* **WORK INSTRUCTIONS**:
Below are the records; give again exactly the line with "سمند EF7 دوگانه کارخانه تک برگ سند درحد", the line with "Chico Bag Reusable Face Mask - Lavender", and each line that lies between them, and nothing besides.

Segment Open

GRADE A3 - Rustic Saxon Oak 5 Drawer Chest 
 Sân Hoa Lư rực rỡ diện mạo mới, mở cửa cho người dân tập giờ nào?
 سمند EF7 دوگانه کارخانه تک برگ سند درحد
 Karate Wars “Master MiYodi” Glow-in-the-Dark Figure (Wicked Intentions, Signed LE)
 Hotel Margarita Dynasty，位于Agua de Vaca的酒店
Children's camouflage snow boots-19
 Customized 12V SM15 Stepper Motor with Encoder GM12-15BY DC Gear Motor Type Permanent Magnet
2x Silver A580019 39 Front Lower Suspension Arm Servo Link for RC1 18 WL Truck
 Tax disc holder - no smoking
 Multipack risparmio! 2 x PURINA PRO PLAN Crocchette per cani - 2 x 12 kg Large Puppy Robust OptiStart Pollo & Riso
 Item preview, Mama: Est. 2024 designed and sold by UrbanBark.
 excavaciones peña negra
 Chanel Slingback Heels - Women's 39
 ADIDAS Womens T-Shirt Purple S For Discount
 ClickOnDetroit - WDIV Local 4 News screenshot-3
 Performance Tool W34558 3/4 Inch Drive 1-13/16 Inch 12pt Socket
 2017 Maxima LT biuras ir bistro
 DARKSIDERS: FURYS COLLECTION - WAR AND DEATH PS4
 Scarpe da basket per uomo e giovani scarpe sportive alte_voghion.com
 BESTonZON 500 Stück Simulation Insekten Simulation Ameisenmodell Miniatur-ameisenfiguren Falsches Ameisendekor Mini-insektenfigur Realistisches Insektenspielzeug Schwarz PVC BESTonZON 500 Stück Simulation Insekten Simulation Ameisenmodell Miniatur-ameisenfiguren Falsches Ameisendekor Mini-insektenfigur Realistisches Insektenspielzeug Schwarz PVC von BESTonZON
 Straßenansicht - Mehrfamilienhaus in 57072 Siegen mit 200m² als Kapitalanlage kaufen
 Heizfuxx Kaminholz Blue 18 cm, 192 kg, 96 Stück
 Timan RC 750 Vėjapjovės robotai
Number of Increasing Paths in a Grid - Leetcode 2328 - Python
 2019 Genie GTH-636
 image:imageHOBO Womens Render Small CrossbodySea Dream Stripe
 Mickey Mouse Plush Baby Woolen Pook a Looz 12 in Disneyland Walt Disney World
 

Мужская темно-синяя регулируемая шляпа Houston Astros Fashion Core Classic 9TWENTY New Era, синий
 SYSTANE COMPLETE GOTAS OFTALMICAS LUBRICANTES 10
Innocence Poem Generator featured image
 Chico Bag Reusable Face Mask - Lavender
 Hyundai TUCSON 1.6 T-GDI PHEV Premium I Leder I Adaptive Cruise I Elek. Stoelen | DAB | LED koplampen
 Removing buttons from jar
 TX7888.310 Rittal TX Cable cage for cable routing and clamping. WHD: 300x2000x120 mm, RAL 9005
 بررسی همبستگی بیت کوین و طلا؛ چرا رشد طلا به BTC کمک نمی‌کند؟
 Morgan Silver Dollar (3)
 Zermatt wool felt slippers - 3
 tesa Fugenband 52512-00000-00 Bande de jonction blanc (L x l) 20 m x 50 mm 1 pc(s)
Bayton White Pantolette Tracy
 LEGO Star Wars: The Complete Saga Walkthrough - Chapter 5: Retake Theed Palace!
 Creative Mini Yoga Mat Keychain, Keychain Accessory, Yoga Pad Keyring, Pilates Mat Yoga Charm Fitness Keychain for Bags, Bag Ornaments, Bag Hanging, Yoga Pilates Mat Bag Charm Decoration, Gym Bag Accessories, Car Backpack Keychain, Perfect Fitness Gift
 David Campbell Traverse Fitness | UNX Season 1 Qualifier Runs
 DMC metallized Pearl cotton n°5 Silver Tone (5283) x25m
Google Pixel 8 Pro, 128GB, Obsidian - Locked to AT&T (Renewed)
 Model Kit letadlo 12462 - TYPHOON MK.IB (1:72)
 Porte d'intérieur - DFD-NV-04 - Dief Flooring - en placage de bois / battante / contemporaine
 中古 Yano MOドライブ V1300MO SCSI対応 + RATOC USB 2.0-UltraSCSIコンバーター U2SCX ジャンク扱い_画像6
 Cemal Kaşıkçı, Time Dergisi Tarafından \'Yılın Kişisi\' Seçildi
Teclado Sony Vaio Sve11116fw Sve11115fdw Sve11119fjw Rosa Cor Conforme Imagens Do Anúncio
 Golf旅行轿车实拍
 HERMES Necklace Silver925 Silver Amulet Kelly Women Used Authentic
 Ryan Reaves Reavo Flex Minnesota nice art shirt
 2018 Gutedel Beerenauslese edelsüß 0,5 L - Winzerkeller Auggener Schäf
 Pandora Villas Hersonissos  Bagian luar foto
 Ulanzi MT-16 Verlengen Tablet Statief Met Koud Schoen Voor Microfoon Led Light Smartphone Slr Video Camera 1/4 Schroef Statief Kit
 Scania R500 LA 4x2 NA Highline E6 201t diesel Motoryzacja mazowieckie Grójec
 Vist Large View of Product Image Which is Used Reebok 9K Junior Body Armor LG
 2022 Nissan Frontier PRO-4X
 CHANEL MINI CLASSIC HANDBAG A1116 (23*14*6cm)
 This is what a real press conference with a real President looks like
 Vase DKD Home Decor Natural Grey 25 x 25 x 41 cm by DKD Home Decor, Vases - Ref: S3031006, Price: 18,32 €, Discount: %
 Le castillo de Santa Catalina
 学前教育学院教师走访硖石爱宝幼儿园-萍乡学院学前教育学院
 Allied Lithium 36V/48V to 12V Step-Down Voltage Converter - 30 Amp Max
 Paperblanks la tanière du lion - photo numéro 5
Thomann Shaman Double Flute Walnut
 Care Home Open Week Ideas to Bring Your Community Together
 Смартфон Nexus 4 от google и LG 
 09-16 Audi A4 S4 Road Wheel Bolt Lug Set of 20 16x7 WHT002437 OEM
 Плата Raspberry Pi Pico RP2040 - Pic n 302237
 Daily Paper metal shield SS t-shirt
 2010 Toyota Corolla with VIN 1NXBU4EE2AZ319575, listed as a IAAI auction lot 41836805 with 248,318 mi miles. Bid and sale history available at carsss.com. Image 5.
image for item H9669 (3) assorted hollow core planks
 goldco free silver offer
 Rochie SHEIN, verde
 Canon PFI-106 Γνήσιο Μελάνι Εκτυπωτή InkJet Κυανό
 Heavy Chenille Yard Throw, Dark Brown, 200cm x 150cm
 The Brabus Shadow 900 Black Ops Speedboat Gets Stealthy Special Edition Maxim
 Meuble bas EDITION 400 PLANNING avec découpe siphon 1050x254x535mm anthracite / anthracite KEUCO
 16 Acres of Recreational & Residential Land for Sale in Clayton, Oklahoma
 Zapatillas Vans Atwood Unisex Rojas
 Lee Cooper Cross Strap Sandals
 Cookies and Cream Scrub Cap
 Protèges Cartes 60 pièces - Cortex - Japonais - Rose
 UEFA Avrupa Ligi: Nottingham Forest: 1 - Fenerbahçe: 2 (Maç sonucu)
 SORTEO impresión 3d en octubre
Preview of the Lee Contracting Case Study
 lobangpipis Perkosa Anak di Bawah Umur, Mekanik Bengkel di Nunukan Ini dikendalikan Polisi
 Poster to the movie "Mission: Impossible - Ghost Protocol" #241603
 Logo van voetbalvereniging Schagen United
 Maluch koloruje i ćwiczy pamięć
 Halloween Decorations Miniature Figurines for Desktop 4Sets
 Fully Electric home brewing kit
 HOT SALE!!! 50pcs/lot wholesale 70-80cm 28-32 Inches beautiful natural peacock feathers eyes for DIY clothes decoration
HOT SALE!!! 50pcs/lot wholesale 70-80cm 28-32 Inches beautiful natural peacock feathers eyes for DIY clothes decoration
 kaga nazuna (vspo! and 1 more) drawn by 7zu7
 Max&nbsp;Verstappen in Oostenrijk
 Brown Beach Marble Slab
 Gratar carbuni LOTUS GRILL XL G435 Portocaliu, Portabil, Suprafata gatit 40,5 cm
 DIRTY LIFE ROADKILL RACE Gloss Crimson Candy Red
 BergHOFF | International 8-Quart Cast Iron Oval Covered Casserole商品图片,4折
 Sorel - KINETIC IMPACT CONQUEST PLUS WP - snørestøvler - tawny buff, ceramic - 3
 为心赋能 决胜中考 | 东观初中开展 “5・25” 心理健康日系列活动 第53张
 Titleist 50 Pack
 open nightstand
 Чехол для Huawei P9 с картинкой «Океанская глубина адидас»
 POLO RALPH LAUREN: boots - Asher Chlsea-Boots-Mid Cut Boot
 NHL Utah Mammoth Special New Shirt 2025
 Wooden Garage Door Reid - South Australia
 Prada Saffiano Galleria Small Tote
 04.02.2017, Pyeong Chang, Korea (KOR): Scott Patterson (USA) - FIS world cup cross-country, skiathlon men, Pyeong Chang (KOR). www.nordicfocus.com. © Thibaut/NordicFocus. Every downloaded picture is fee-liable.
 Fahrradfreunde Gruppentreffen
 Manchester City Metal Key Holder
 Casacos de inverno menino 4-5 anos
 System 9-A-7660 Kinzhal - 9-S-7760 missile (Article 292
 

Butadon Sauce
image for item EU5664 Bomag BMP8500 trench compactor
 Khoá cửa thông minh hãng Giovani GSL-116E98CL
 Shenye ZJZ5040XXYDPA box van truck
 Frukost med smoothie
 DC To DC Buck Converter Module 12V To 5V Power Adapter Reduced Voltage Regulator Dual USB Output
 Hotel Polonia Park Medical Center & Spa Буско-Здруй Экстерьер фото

Segment Closed

* **RESPONSE BELOW**:
 سمند EF7 دوگانه کارخانه تک برگ سند درحد
 Karate Wars “Master MiYodi” Glow-in-the-Dark Figure (Wicked Intentions, Signed LE)
 Hotel Margarita Dynasty，位于Agua de Vaca的酒店
Children's camouflage snow boots-19
 Customized 12V SM15 Stepper Motor with Encoder GM12-15BY DC Gear Motor Type Permanent Magnet
2x Silver A580019 39 Front Lower Suspension Arm Servo Link for RC1 18 WL Truck
 Tax disc holder - no smoking
 Multipack risparmio! 2 x PURINA PRO PLAN Crocchette per cani - 2 x 12 kg Large Puppy Robust OptiStart Pollo & Riso
 Item preview, Mama: Est. 2024 designed and sold by UrbanBark.
 excavaciones peña negra
 Chanel Slingback Heels - Women's 39
 ADIDAS Womens T-Shirt Purple S For Discount
 ClickOnDetroit - WDIV Local 4 News screenshot-3
 Performance Tool W34558 3/4 Inch Drive 1-13/16 Inch 12pt Socket
 2017 Maxima LT biuras ir bistro
 DARKSIDERS: FURYS COLLECTION - WAR AND DEATH PS4
 Scarpe da basket per uomo e giovani scarpe sportive alte_voghion.com
 BESTonZON 500 Stück Simulation Insekten Simulation Ameisenmodell Miniatur-ameisenfiguren Falsches Ameisendekor Mini-insektenfigur Realistisches Insektenspielzeug Schwarz PVC BESTonZON 500 Stück Simulation Insekten Simulation Ameisenmodell Miniatur-ameisenfiguren Falsches Ameisendekor Mini-insektenfigur Realistisches Insektenspielzeug Schwarz PVC von BESTonZON
 Straßenansicht - Mehrfamilienhaus in 57072 Siegen mit 200m² als Kapitalanlage kaufen
 Heizfuxx Kaminholz Blue 18 cm, 192 kg, 96 Stück
 Timan RC 750 Vėjapjovės robotai
Number of Increasing Paths in a Grid - Leetcode 2328 - Python
 2019 Genie GTH-636
 image:imageHOBO Womens Render Small CrossbodySea Dream Stripe
 Mickey Mouse Plush Baby Woolen Pook a Looz 12 in Disneyland Walt Disney World
 

Мужская темно-синяя регулируемая шляпа Houston Astros Fashion Core Classic 9TWENTY New Era, синий
 SYSTANE COMPLETE GOTAS OFTALMICAS LUBRICANTES 10
Innocence Poem Generator featured image
 Chico Bag Reusable Face Mask - Lavender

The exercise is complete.